* [Record set]
──────────
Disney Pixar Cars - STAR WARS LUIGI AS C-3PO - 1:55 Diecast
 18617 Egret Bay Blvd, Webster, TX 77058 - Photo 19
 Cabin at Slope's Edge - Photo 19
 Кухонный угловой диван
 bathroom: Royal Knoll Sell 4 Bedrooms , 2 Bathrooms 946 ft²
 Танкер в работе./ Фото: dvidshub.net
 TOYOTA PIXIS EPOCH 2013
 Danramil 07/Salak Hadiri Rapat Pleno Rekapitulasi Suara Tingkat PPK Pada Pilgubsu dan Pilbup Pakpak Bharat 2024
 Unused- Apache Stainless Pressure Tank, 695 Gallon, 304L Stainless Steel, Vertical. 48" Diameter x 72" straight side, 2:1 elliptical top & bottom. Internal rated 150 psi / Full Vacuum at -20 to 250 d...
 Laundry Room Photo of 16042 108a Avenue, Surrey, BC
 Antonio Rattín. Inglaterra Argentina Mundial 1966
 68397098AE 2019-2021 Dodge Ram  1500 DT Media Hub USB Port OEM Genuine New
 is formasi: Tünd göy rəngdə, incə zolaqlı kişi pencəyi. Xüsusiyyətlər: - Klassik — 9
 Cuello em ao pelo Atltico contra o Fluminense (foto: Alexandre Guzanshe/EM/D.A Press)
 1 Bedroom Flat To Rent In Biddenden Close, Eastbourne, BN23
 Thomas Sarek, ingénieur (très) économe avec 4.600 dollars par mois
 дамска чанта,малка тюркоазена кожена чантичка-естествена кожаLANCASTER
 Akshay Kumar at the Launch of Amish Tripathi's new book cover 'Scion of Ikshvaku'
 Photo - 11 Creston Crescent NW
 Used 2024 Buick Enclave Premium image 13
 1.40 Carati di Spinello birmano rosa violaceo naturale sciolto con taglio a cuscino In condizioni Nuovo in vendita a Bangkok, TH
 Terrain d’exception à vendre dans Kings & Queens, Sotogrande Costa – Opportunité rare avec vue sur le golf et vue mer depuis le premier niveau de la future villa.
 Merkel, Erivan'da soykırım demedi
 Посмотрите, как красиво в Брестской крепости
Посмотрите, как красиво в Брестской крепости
──────────
Take the line that contains "Unused- Apache Stainless" and every line after it in the material above. Set those lines down exactly and nothing more.

 Unused- Apache Stainless Pressure Tank, 695 Gallon, 304L Stainless Steel, Vertical. 48" Diameter x 72" straight side, 2:1 elliptical top & bottom. Internal rated 150 psi / Full Vacuum at -20 to 250 d...
 Laundry Room Photo of 16042 108a Avenue, Surrey, BC
 Antonio Rattín. Inglaterra Argentina Mundial 1966
 68397098AE 2019-2021 Dodge Ram  1500 DT Media Hub USB Port OEM Genuine New
 is formasi: Tünd göy rəngdə, incə zolaqlı kişi pencəyi. Xüsusiyyətlər: - Klassik — 9
 Cuello em ao pelo Atltico contra o Fluminense (foto: Alexandre Guzanshe/EM/D.A Press)
 1 Bedroom Flat To Rent In Biddenden Close, Eastbourne, BN23
 Thomas Sarek, ingénieur (très) économe avec 4.600 dollars par mois
 дамска чанта,малка тюркоазена кожена чантичка-естествена кожаLANCASTER
 Akshay Kumar at the Launch of Amish Tripathi's new book cover 'Scion of Ikshvaku'
 Photo - 11 Creston Crescent NW
 Used 2024 Buick Enclave Premium image 13
 1.40 Carati di Spinello birmano rosa violaceo naturale sciolto con taglio a cuscino In condizioni Nuovo in vendita a Bangkok, TH
 Terrain d’exception à vendre dans Kings & Queens, Sotogrande Costa – Opportunité rare avec vue sur le golf et vue mer depuis le premier niveau de la future villa.
 Merkel, Erivan'da soykırım demedi
 Посмотрите, как красиво в Брестской крепости
Посмотрите, как красиво в Брестской крепости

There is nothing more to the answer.